The workaround is to restart either the PostgreSQL replica that is receiving UPDATE transactions or the service that is sending them. The following script can automatically detect this condition and restart affected PostgreSQL replicas.
NOTE
Do not run this script multiple times in quick succession. The script may detect a false positive and restart replicas unnecessarily if the PostgreSQL server logs have not yet advanced beyond the detection threshold of the last 50 log entries.
(ncn-mw#
) Run the check_postgres_replica_transactions.sh
script.
/usr/share/doc/csm/troubleshooting/scripts/check_postgres_replica_transactions.sh
Example output:
INFO: Checking cray-nls-postgres-0 in namespace argo
INFO: Checking cray-nls-postgres-1 in namespace argo
INFO: Checking capsules-dispatch-server-postgres-0 in namespace services
INFO: Checking capsules-dispatch-server-postgres-1 in namespace services
INFO: Checking capsules-warehouse-server-postgres-0 in namespace services
INFO: Checking capsules-warehouse-server-postgres-1 in namespace services
INFO: Checking cfs-ara-postgres-0 in namespace services
INFO: Checking cfs-ara-postgres-1 in namespace services
INFO: Checking cray-console-data-postgres-1 in namespace services
INFO: Checking cray-dhcp-kea-postgres-0 in namespace services
INFO: Checking cray-dhcp-kea-postgres-2 in namespace services
INFO: Checking cray-dns-powerdns-postgres-0 in namespace services
INFO: Checking cray-dns-powerdns-postgres-1 in namespace services
INFO: Checking cray-hms-badger-postgres-0 in namespace services
INFO: Checking cray-hms-badger-postgres-2 in namespace services
INFO: Checking cray-sls-postgres-0 in namespace services
INFO: Checking cray-sls-postgres-2 in namespace services
INFO: Checking cray-smd-postgres-0 in namespace services
INFO: Checking cray-smd-postgres-1 in namespace services
INFO: Checking gitea-vcs-postgres-1 in namespace services
INFO: Checking gitea-vcs-postgres-2 in namespace services
INFO: Checking keycloak-postgres-0 in namespace services
INFO: Checking keycloak-postgres-2 in namespace services
INFO: Checking cray-spire-postgres-1 in namespace spire
INFO: Checking cray-spire-postgres-2 in namespace spire
WARN: Restarting PostgreSQL replica Pod cray-spire-postgres-2 that is receiving UPDATE transactions
INFO: Checking spire-postgres-0 in namespace spire
WARN: Restarting PostgreSQL replica Pod spire-postgres-0 that is receiving UPDATE transactions
INFO: Checking spire-postgres-1 in namespace spire
It is necessary to restart affected services or their database in order to force them to connect to the correct instance of the database.
(ncn-mw#
) Restart the Postgres connection pool.
If the spire-server
has the errors, restart the spire-postgres-pooler
deployment.
kubectl -n spire rollout restart deployment spire-postgres-pooler
If the cray-spire-server
has the errors, restart the cray-spire-postgres-pooler
deployment.
kubectl -n spire rollout restart deployment cray-spire-postgres-pooler
(ncn-mw#
) Wait for the service to restart and check the logs to ensure that there are no more errors.

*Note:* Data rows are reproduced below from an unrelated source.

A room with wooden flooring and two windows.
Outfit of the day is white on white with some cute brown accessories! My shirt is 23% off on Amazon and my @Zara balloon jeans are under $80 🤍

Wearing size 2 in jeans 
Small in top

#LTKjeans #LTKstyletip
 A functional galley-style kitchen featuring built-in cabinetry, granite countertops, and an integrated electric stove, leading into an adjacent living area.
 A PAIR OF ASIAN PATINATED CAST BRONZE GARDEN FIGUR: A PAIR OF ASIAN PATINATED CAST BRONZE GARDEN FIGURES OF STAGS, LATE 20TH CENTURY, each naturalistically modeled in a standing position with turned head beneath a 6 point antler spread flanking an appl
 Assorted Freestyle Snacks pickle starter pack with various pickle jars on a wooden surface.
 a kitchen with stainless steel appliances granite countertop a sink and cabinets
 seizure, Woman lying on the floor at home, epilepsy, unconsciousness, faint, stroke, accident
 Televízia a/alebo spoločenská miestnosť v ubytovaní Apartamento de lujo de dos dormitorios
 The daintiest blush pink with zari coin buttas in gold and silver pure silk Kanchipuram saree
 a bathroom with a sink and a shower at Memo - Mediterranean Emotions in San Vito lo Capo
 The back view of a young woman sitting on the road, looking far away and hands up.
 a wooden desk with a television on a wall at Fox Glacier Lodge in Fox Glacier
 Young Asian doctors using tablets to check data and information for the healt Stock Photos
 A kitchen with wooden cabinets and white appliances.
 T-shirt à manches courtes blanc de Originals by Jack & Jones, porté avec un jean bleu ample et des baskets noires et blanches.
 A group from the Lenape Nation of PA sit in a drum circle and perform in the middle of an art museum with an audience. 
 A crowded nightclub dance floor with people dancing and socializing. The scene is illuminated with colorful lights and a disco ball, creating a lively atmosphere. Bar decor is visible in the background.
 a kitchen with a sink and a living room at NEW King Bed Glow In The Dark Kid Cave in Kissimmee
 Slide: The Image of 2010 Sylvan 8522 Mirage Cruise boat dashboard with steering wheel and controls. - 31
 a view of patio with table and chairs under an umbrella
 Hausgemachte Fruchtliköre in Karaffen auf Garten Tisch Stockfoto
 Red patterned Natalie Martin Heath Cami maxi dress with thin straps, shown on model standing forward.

If other services are exhibiting this problem restart their database cluster.
The below example uses the cray-sls-postgres
database cluster, refer to the output of kubectl get postgresql -A
for all possible database clusters.
(ncn-mw#
) Restart the impacted Postgres database StatefulSet.
kubectl -n services rollout restart statefulset cray-sls-postgres
(ncn-mw#
) Wait for the cluster to restart and check the logs to ensure that there are no more errors.